**How to complete this task:**
Pictures are to be omitted. Output only the lines from the one containing "OttLite Portable LED" through the end of the data, word for word.

[Provided records Boundary: Start]

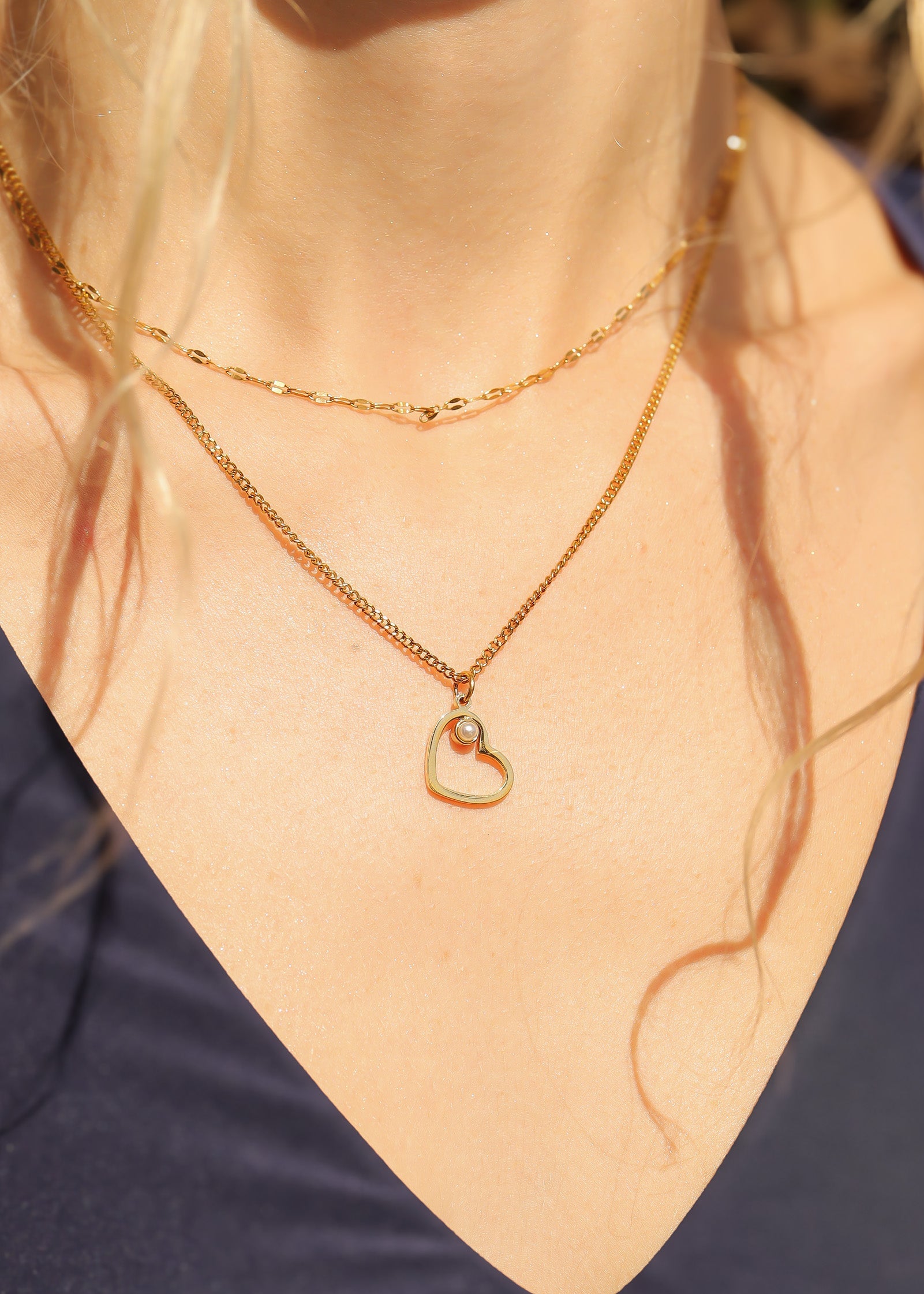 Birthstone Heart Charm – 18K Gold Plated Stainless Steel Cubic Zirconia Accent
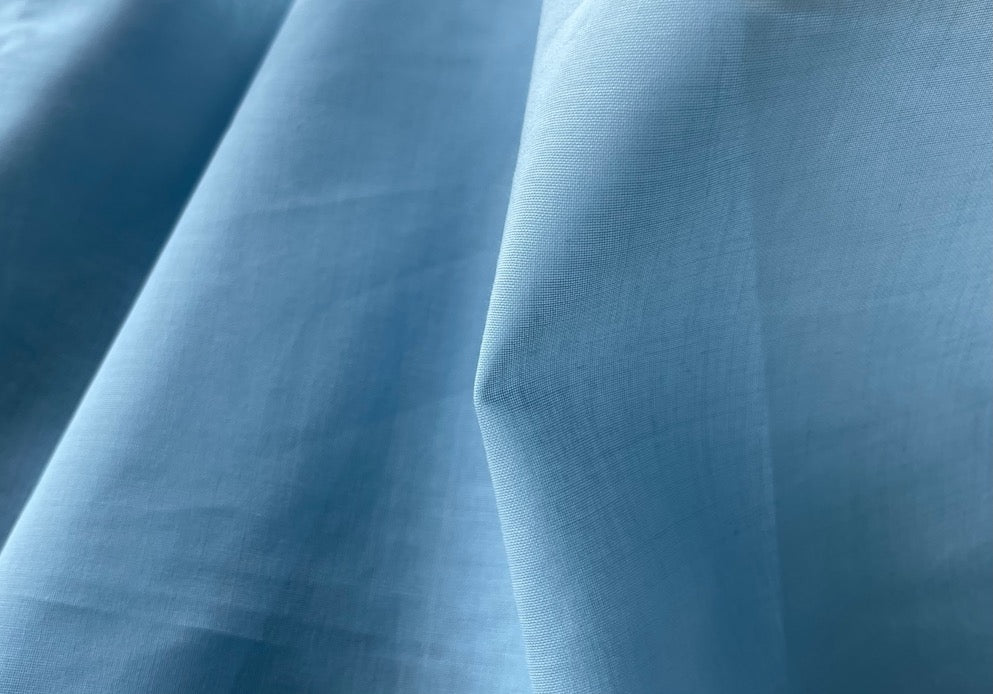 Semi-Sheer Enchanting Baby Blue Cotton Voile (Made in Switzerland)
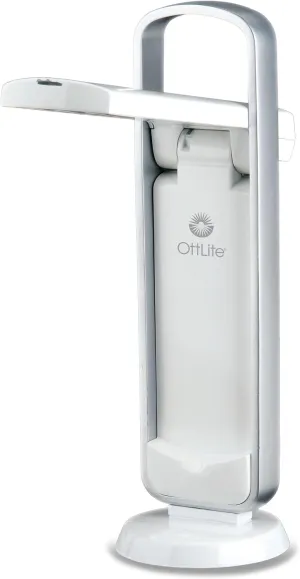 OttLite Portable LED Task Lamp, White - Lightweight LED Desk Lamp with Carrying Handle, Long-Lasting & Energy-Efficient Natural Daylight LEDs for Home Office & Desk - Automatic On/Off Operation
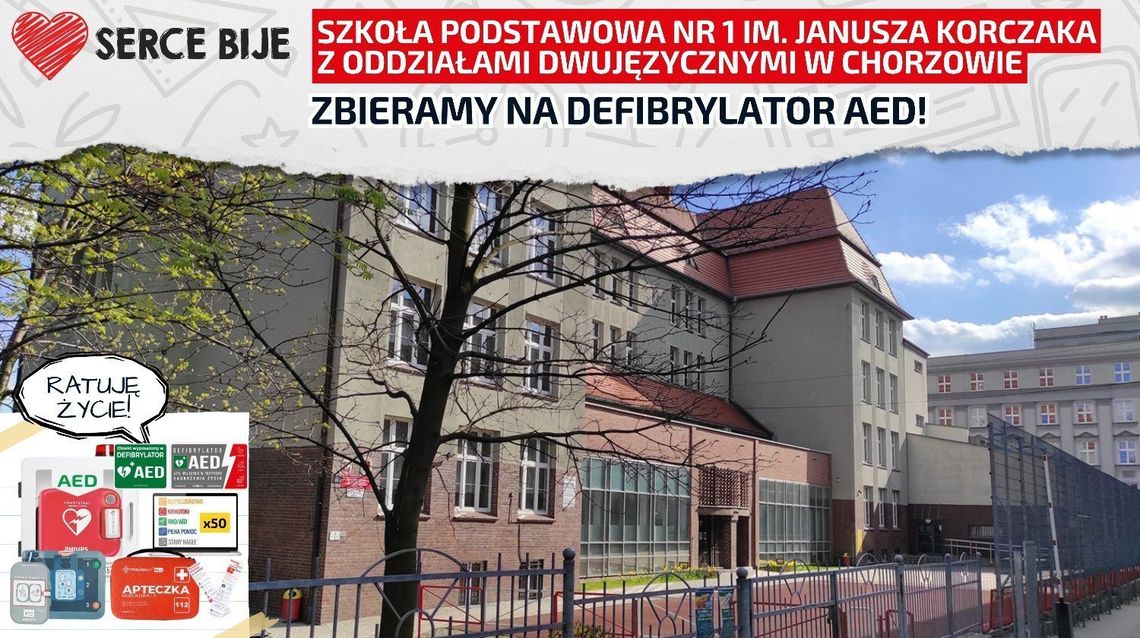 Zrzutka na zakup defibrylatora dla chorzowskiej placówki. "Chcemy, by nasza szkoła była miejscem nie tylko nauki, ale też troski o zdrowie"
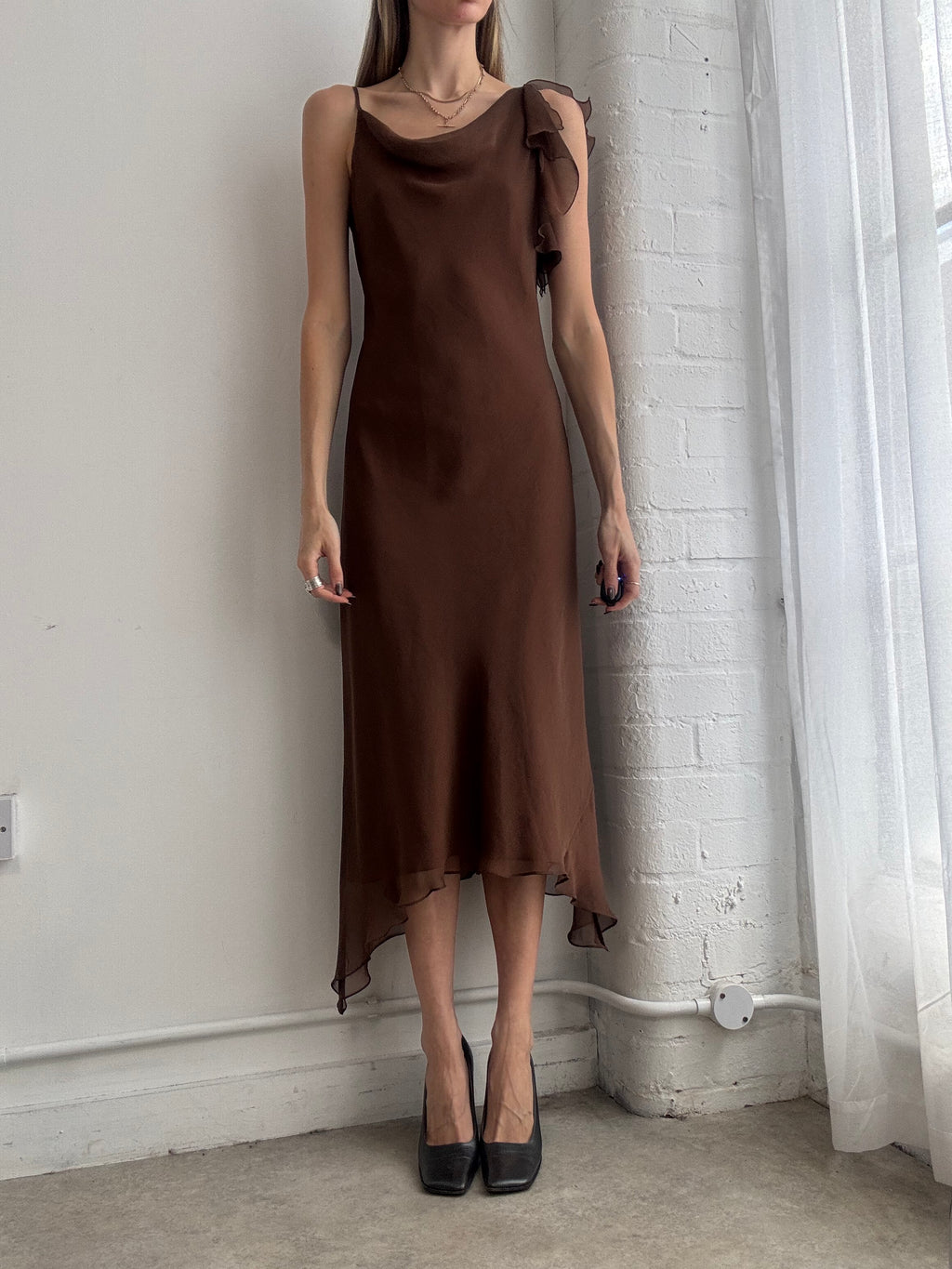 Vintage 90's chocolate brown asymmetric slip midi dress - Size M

[Provided records Boundary: End]

**Written answer:**
 OttLite Portable LED Task Lamp, White - Lightweight LED Desk Lamp with Carrying Handle, Long-Lasting & Energy-Efficient Natural Daylight LEDs for Home Office & Desk - Automatic On/Off Operation
 Zrzutka na zakup defibrylatora dla chorzowskiej placówki. "Chcemy, by nasza szkoła była miejscem nie tylko nauki, ale też troski o zdrowie"
 Vintage 90's chocolate brown asymmetric slip midi dress - Size M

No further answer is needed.